[Scraped caption text data]
========================

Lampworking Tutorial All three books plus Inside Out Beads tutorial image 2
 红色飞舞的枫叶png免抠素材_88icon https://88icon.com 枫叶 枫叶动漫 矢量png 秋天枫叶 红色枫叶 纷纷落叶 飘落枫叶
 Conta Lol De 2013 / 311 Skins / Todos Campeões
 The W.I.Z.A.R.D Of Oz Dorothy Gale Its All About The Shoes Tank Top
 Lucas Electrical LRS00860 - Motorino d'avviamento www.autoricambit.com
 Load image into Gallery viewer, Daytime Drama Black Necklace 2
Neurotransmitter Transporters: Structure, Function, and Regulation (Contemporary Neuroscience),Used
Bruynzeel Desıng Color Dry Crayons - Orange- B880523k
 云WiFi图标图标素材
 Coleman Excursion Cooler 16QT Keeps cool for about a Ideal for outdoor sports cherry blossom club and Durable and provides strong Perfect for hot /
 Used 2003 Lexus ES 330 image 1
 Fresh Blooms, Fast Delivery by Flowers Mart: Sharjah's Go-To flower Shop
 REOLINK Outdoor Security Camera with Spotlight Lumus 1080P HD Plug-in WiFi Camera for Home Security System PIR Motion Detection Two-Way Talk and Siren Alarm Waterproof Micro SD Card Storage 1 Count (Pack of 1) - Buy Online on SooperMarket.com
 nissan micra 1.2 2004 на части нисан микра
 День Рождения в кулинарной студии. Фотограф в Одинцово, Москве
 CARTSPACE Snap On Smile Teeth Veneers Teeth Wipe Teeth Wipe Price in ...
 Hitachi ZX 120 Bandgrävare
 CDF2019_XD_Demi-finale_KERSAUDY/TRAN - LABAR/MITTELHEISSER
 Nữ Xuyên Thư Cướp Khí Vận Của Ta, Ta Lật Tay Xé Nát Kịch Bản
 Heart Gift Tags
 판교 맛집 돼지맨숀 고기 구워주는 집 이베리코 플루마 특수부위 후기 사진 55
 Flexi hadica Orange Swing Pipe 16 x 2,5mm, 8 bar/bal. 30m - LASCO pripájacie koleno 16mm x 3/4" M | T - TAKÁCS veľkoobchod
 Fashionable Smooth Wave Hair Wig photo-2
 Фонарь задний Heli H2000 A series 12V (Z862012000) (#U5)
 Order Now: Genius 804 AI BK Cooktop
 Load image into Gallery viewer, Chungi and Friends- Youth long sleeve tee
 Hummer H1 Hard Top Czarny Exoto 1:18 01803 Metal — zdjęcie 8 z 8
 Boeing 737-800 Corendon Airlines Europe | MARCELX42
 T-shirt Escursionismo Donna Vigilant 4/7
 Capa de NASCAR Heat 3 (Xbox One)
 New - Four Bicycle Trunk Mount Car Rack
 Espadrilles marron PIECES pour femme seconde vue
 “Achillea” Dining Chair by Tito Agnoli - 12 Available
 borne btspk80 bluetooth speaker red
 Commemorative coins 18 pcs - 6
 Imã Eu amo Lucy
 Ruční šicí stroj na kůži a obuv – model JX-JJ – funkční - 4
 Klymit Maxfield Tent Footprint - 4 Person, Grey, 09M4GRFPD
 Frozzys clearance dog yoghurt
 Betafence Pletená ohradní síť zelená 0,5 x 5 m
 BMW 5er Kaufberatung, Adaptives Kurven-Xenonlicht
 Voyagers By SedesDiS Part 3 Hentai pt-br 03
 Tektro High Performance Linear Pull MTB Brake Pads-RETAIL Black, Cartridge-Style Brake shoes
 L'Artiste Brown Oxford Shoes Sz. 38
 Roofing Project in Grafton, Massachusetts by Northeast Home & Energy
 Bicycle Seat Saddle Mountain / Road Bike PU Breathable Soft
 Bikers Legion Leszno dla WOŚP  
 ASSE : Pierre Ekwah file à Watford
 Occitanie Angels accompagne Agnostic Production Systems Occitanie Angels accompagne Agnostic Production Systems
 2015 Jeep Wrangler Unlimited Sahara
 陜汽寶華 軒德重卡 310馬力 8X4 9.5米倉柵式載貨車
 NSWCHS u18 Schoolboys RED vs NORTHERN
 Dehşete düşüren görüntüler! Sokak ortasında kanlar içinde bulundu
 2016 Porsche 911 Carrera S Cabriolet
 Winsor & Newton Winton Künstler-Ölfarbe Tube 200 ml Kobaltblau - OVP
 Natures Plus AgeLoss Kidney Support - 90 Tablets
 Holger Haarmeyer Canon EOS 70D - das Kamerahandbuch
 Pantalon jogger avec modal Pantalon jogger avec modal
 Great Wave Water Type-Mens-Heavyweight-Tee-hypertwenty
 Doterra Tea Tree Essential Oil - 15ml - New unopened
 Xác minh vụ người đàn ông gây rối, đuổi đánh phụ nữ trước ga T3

========================

> [Your assignment]: Of the lines above, output exactly those from the line bearing "New - Four Bicycle Trunk Mount Car Rack" through the line bearing "Imã Eu amo Lucy", inclusive.

> [Answer below]:
 New - Four Bicycle Trunk Mount Car Rack
 Espadrilles marron PIECES pour femme seconde vue
 “Achillea” Dining Chair by Tito Agnoli - 12 Available
 borne btspk80 bluetooth speaker red
 Commemorative coins 18 pcs - 6
 Imã Eu amo Lucy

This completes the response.